Mit fragiler Eleganz schwebt Maria gen Himmel. Das am 8. Dezember in der Katholischen Kirche gefeierte Hochfest der ohne Erbsünde empfangenen Jungfrau und Gottesmutter Maria (lat. immaculata conceptio) wurde erst am 8. Dezember 1854 zum Dogma erhoben.
In der päpstlichen Bulle wird festgehalten, „dass die seligste Jungfrau Maria im ersten Augenblick ihrer Empfängnis durch einzigartiges Gnadengeschenk und Vorrecht des allmächtigen Gottes, im Hinblick auf die Verdienste Christi Jesu, des Erlösers des Menschengeschlechts, von jedem Fehl der Erbsünde rein bewahrt blieb“.1 Doch schon Jahrhunderte davor hatte sich ein Kult um die ohne Erbsünde geborene Maria entwickelt, der seit dem Barock in Österreich ein wichtiger Feiertag gewidmet ist: 1646 verkündete Kaiser Ferdinand III. im Dreißigjährigen Krieg die Weihe Österreichs an die unbefleckt Empfangene, da Wien nie besetzt wurde.

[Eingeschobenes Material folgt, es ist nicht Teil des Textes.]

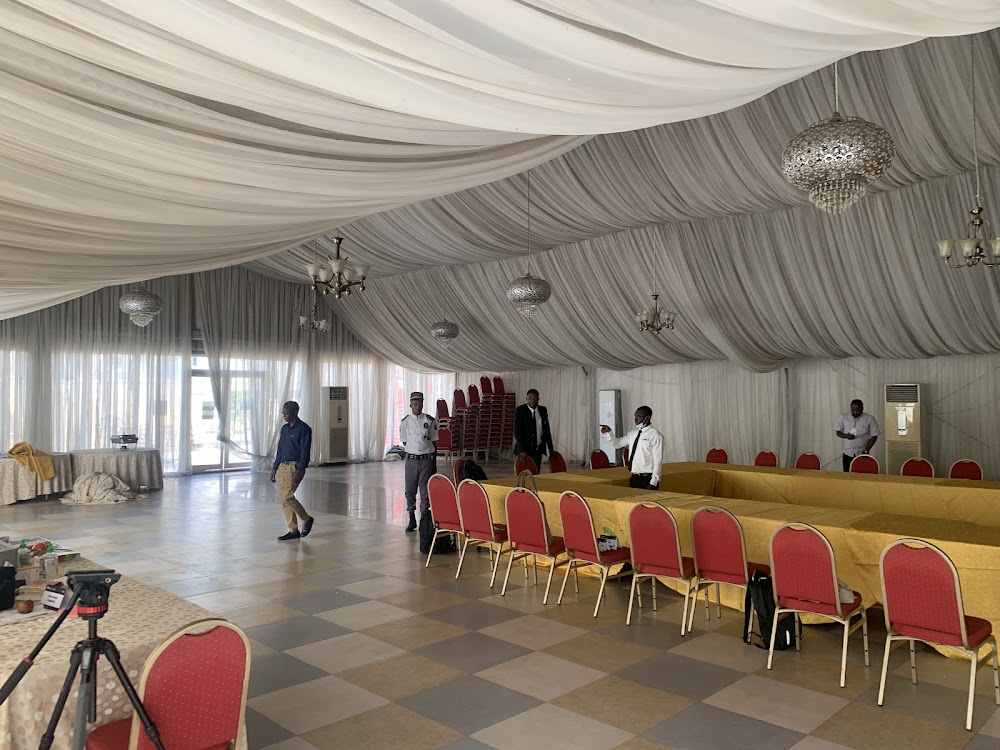 AES EVENT CENTRE photo 4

In diesem Sinne ist Paul Trogers Darstellung der Unbefleckten Empfängnis im Belvedere, Wien, ein wichtiges Werk, das die Marienfrömmigkeit im österreichischen Barock dokumentiert. Der in Italien geschulte Maler und bedeutende Freskant schildert sie in Verbindung mit der Vision des Apokalyptischen Weibes nach Johannes.

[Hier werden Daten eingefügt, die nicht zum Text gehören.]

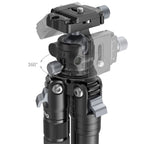 SmallRig 4060 Carbonfaser-Stativ AP-10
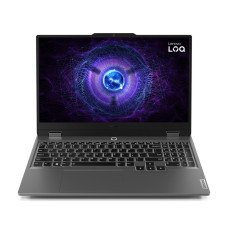 Ноутбук (портативний комп’ютер) LOQ-15IRX9 CI7-13650HX 15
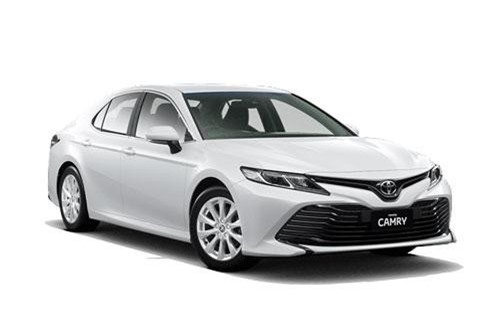 Top 10 ôtô bền bỉ nhất thế giới: Toyota góp mặt 7 xe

Die Allegorie besteht aus mehreren Teilen: Maria wird als Madonna Immaculata auf der Mondsichel stehend gezeigt. Sie greift mit ihren Armen weit aus, wobei ihre Rechte als abwehrende Haltung gedeutet werden darf, werden in diesem Bereich doch Dämonen vom Erzengel Michael in die Hölle getrieben. Ein Engel bekrönt Maria mit einer Sternenkrone, womit sie auch die Qualität des Apokalyptischen Weibes in sich vereint. Die folgende Stelle aus der Apokalypse wurde während des 18. Jahrhunderts zumeist mit Maria gleichgesetzt:
„Da erscheint ein großes Zeichen am Himmel. Eine Frau, umgeben von der Sonne, dem Mond unter ihren Füßen, und ein Kranz von zwölf Sternen auf ihrem Haupt. Sie war schwanger und schrie in ihren Wehen und in der Qual des Gebärens.“ (Apk. 12, 1f)

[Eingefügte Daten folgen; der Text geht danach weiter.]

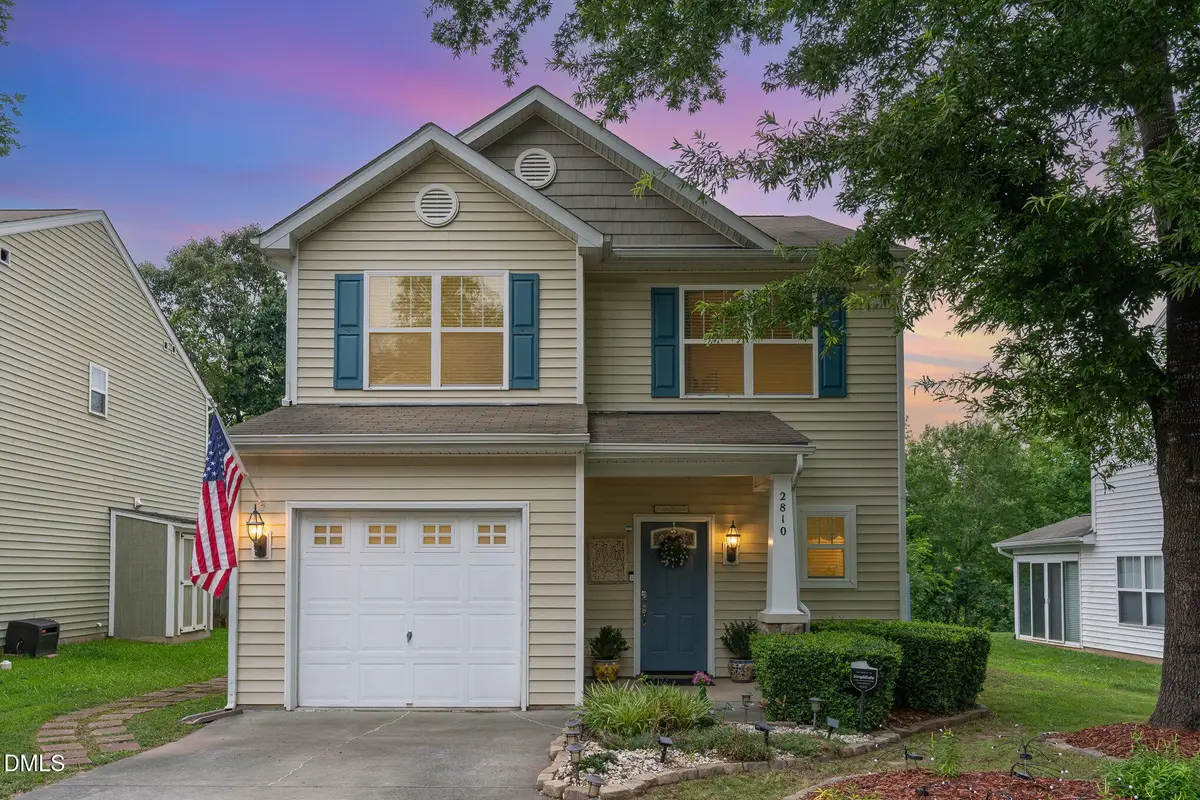 2810 Catamount Ct, Durham, NC 27704 - #1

Das von den dunklen Dämonen gerettete, hellstrahlende Christuskind wird über ihr von einem weiteren Engel Gottvater präsentiert. Dieser lehnt an der Weltkugel, darunter der Ader, der als Evangelistensymbol zu deuten ist (Apk. 4,6–9). Der obere Teil des Bildes ist hell, während der untere so dunkel gestaltet ist, dass die Figuren kaum auszumachen sind. Diese Lichtregie steht auch für Gut und Böse, für den „Sieg des göttlichen Lichts über die Mächte der Finsternis“.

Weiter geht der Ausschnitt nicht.